> **PROMPT**
Each line below from the one containing "Abbildung von Neumann" through the one containing "Warren Buffett trong" is to be given again exactly, and no line outside that span.

⟨

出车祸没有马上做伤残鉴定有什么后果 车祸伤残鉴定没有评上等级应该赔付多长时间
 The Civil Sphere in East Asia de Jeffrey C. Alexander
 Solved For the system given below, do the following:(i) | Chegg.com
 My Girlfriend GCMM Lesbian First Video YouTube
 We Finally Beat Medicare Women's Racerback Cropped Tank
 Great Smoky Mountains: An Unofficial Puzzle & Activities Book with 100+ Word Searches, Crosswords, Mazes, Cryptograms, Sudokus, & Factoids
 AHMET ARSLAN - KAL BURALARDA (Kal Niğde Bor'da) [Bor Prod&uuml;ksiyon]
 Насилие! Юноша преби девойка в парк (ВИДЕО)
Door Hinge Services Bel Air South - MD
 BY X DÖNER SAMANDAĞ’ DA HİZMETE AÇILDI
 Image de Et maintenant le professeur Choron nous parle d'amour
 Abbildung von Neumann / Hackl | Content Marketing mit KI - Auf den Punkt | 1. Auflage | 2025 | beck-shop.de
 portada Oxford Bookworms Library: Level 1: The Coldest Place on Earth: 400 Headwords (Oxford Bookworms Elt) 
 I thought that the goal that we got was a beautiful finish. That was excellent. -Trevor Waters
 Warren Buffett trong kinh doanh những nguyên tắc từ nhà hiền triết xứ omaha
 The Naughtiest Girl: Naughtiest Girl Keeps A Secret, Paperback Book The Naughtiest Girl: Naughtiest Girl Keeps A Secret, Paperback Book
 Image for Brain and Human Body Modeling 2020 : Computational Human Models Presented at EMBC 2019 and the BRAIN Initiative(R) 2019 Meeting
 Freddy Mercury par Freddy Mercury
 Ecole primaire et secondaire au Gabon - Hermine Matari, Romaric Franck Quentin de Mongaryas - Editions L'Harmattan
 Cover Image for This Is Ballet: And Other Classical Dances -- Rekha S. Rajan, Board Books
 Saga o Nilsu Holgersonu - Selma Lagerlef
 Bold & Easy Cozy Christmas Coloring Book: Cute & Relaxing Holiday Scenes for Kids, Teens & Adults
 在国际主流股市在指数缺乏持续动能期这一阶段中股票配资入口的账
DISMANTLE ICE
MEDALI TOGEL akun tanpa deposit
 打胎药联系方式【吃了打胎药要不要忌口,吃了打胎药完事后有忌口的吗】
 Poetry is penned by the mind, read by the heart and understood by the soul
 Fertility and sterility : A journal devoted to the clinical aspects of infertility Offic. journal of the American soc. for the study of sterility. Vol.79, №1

⟩

> **YOUR SOLUTION**
 Abbildung von Neumann / Hackl | Content Marketing mit KI - Auf den Punkt | 1. Auflage | 2025 | beck-shop.de
 portada Oxford Bookworms Library: Level 1: The Coldest Place on Earth: 400 Headwords (Oxford Bookworms Elt) 
 I thought that the goal that we got was a beautiful finish. That was excellent. -Trevor Waters
 Warren Buffett trong kinh doanh những nguyên tắc từ nhà hiền triết xứ omaha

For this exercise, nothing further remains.